Reflecting on this trend, Neil Gibson commented that Ireland’s current strong performance should not distract from the dark clouds which are gathering around the global economy and uncertainty around Brexit, both of which could arrest the very strong Irish growth: “Most economists would see this as a time for Ireland to run a surplus and begin to chip away at the national debt which still stands at over €40,000 per person, however those same economists probably would not have advocated the reduction in spending which took place following the crash. The harsh reality is that Ireland does not have the underpinning infrastructure or public service provision necessary to underwrite the economic vision which it has signed up to. This means that spending is required, but accompanied by a continued focus on cost control – which will not be easy in the face of growing salary pressures across the economy.”

The island’s economies diverge in the face of Brexit.

EY Economic Eye also finds that the divergence in outlook between the Republic of Ireland and Northern Ireland continues to widen as Brexit approaches. Although 2018 growth in Northern Ireland is projected to match that of the UK due to its strong labour market performance, the longer term outlook is for very modest levels of growth, and a small fall in overall employment levels, starting in 2019. The forecasts are predicated on a Brexit agreement being reached which involves a two-year transition period and a Free Trade Agreement thereafter.

Neil Gibson states that while slower growth in Northern Ireland is partially a result of Brexit, it is not the root cause, “A persistent productivity weakness and overreliance on consumers was always going to hamper UK and Northern Irish growth as some point. Uncertainty surrounding Brexit is certainly not helping NI performance, but it would be a mistake to use that as a simple explanation for the malaise. The strong jobs market performance is to be welcomed and it is possible to imagine a set of outcomes relating to Brexit and a reestablishment of a local Executive that would see the region outperform our current forecasts.”

Looking at the potential impact of Brexit on businesses across the island of Ireland, Simon MacAllister, Partner and Brexit Lead for EY Ireland, added that whilst firms may initially have had a ‘wait and see’ attitude towards their Brexit preparations, this has now evolved into undertaking risk assessments and more proactive contingency planning.

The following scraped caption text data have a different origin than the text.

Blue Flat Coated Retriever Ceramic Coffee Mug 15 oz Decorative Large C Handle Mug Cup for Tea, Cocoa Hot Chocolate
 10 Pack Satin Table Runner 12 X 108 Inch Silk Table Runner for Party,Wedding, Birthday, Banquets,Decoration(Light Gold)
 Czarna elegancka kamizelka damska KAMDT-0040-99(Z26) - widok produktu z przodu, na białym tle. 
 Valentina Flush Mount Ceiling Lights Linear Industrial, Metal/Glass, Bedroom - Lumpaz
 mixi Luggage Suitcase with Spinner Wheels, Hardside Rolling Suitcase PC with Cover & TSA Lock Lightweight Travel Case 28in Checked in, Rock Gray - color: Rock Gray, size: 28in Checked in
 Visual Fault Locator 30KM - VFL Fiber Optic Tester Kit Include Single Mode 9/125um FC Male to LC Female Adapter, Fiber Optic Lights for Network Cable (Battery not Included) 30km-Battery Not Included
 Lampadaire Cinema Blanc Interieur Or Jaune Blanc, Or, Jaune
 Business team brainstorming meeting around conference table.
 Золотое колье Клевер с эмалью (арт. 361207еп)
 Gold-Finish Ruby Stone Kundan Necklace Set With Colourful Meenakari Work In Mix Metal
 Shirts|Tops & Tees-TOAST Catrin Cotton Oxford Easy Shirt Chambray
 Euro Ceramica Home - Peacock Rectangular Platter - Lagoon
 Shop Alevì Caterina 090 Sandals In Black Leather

“Uncertainty is something firms live with every day, but the continued possibility of a ‘no-deal’ Brexit has led many businesses to move beyond risk assessment and into a contingency planning phase. This involves finding innovative solutions to navigate the possible risks that might adversely impact them, whether they be linked to tariffs and costs, legal and regulatory changes, supply chain disruption or tax matters. Our teams have witnessed this new, more practical phase of Brexit preparations first hand, demonstrating a shift in mind-set among businesses across the island as they look towards March 2019.